Date: Sunday May. 28, 2006 8:35 PM ET

VANCOUVER — Maurizio Bevilacqua is standing beside a photocopier in the tiny reception area of the Liberal Party of Canada's B.C. headquarters.

As a handful of mostly young party workers nibble catered sushi, the former junior cabinet minister in Jean Chretien's government delivers a little speech he's probably made in some form dozens of times since joining the crowded Liberal leadership race.

"I entered this race because the future matters to me and the responsibility of any leader is to prepare a country for the future," he says. "Anybody can address immediate issues."

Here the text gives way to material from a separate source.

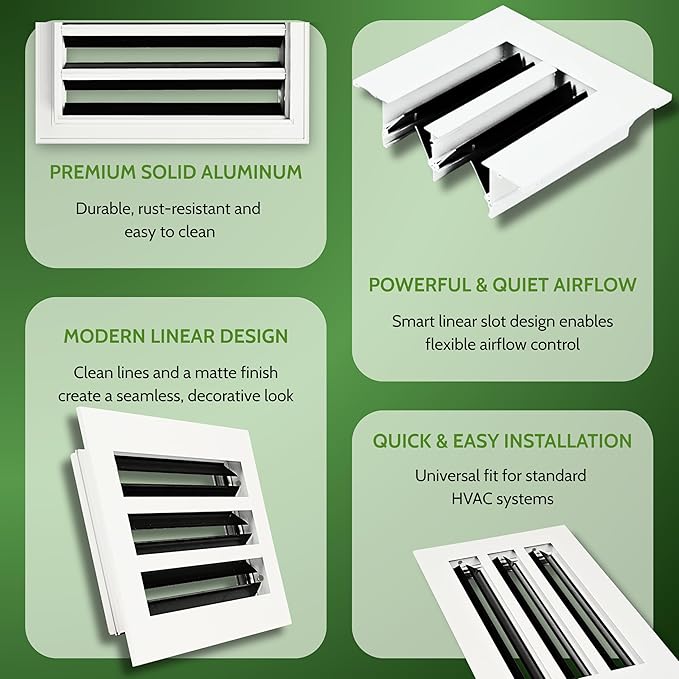 Modern Air Vent Cover 12x6 – Aluminum Linear Slot Diffuser, Decorative White - Image 6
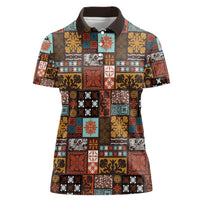 Vintage Hawaiian Quilting Patterns Women Polo Shirt Brown Style Tribal Fabric Patchwork - Polynesian Pride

It's a pitch for support, but Bevilacqua adds a plea that whoever these people support at the Montreal leadership convention in December, their underlying loyalty should be to the Liberal party.

The message: Look what happened when we Liberals put the boots to each other.

"One of the reasons we lost the last election was because not everybody was on board," said Bevilacqua in an interview during a campaign swing through British Columbia. "So the next leader has to be a person who can bring the diverse groups of the party together, and I know I can.

"My prediction is that if the party does not come out of the convention united, it will not win the next election. Unity is a must."

None of the 10 other declared candidates are likely to argue with him but Bevilacqua bears the scars of that infighting.

First elected at age 28 in his suburban Toronto riding of North York by only 77 votes in 1988, he saw the victory overturned in court before handily winning a byelection in 1990.

He's won every election since, including the Liberals' 1993 landslide when he took his riding by 51,088 votes, the largest margin in Canadian history.

But as an early supporter of Paul Martin's losing leadership bid in 1990, Bevilacqua was viewed with suspicion by Chretien supporters, making it into cabinet in junior portfolios only in 2002.

But even when Martin finally forced Chretien out the following year, Bevilacqua was kept out of cabinet after reportedly running afoul of loyalists in Martin's inner circle. He says he has no regrets.

"It's a price that I was willing to pay because I think that party unity is extremely important," he says. "I think that many Liberals, after the results of the last election, have also come to the same conclusion."

A key supporter of Bevilacqua's candidacy says his reputation as an uncomplaining toiler in the political trenches is helping in a race that includes higher-profile party newcomers such as former Ontario NDP premier Bob Rae, former Conservative MP Scott Brison and scholar Michael Ignatieff, a longtime expatriate.

"He's clearly going to surprise a lot of people," says party pollster and strategist Michael Marzolini, CEO of Pollara. "He's got a good organization."

Liberal leadership convention outcomes have been pre-ordained since John Turner beat Chretien in 1984, he says. That set the stage for the runner-up to plot comebacks, as Chretien did in 1990 and Martin in 2003, with all their attendant settling of scores.

Bevilacqua said that kept a lot of Liberal supporters and campaign workers at home in the last election.

"I warned people five years prior to Mr. Martin taking office that if in fact this issue would not have been solved that there would be consequences," says Bevilacqua.

But this race remains essentially wide open, with none of the candidates taking large support margins to the convention, says Marzolini.

"Whoever wins this thing is going to be going to Montreal with 11 to 15 per cent, maybe possibly 20 per cent of the party behind him," he says. "There's no establishment wisdom here. There's no candidate that anybody has anointed."

Bevilacqua carries no baggage from those years, Marzolini says, but he does marry some of the two previous leaders' better attributes.

He chaired the Commons finance committee and takes some credit for Martin's successful fight against the deficit. And he has Chretien's grasp of how important the middle ground is in Canadian politics, the pollster says.

"He's willing to say we want the best social programs in the world but they need to be paid for," Marzolini says. "That's a revelation to a lot of Liberals who just think we have to spend a larger and larger percentage every year."

Bevilacqua also sees himself as the embodiment of both a generational change in Canadian politics - he's 46 - and the immigrant experience that's changing the face of Canada.

He emigrated with his family from Sulmona, in central Italy's Abruzzi region, in 1970. His truck-driver father and seamstress mother bootstrapped the family into the middle class and their children into university.

"I went through the experience of living in the basement of a home and 10 years later being in the House of Commons, which is a real tribute to the openness of our society," Bevilacqua says.

The next few weeks leading up to the July 1 cut-off date for selling party memberships will be crucial for the candidates. Some may add their tallies and bail out.

"We're pretty confident we'll be competitive because of the national organization that we have," Bevilacqua says.